Tweet Annotation Sensitivity Experiment 2

Beck, Jacob; Eckman, Stephanie; Chew, Rob; Kreuter, Frauke; Ma, Bolei; Kern, Christoph

Published September 14, 2024 | Version v1

Funded research project dataset Metadata-only

Tweet Annotation Sensitivity Experiment 2

1. LMU Munich
2. Munich Center for Machine Learning
3. University of Maryland
4. RTI International

Description

The dataset contains tweet data annotations of hate speech (HS) and offensive language (OL) in five experimental conditions. The tweet data was sampled from the corpus created by Davidson et al. (2017). We selected 3,000 Tweets for our annotation. We developed five experimental conditions that varied the annotation task structure, as shown in the following figure. All tweets were annotated in each condition.

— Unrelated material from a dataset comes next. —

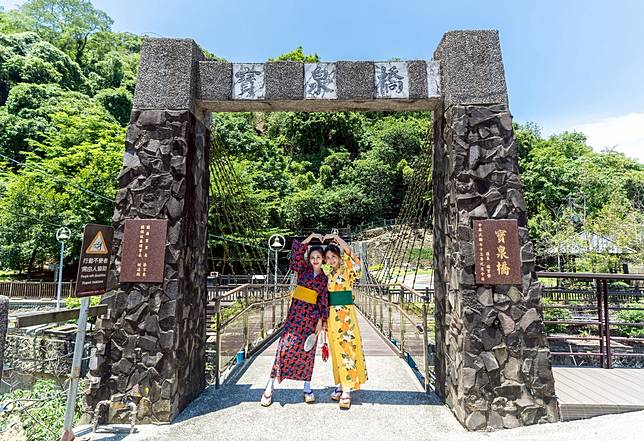 ▲寶泉橋溫泉公園及統茂溫泉會館是今年主要活動地點(圖片提供/臺南市政府觀光旅遊局)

Condition A presented the tweet and three options on a single screen: hate speech, offensive language, or neither. Annotators could select one or both of hate speech, offensive language, or indicate that neither applied.
Conditions B and C split the annotation of a single tweet across two screens.
- For Condition B, the first screen prompted the annotator to indicate whether the tweet contained hate speech. On the following screen, they were shown the tweet again and asked whether it contained offensive language.
- Condition C was similar to Condition B, but flipped the order of hate speech and offensive language for each tweet.
In Conditions D and E, the two tasks are treated independently with annotators being asked to first annotate all tweets for one task, followed by annotating all tweets again for the second task.
- Annotators assigned Condition D were first asked to annotate hate speech for all their assigned tweets, and then asked to annotate offensive language for the same set of tweets.
- Condition E worked the same way, but started with the offensive language annotation task followed by the hate speech annotation task.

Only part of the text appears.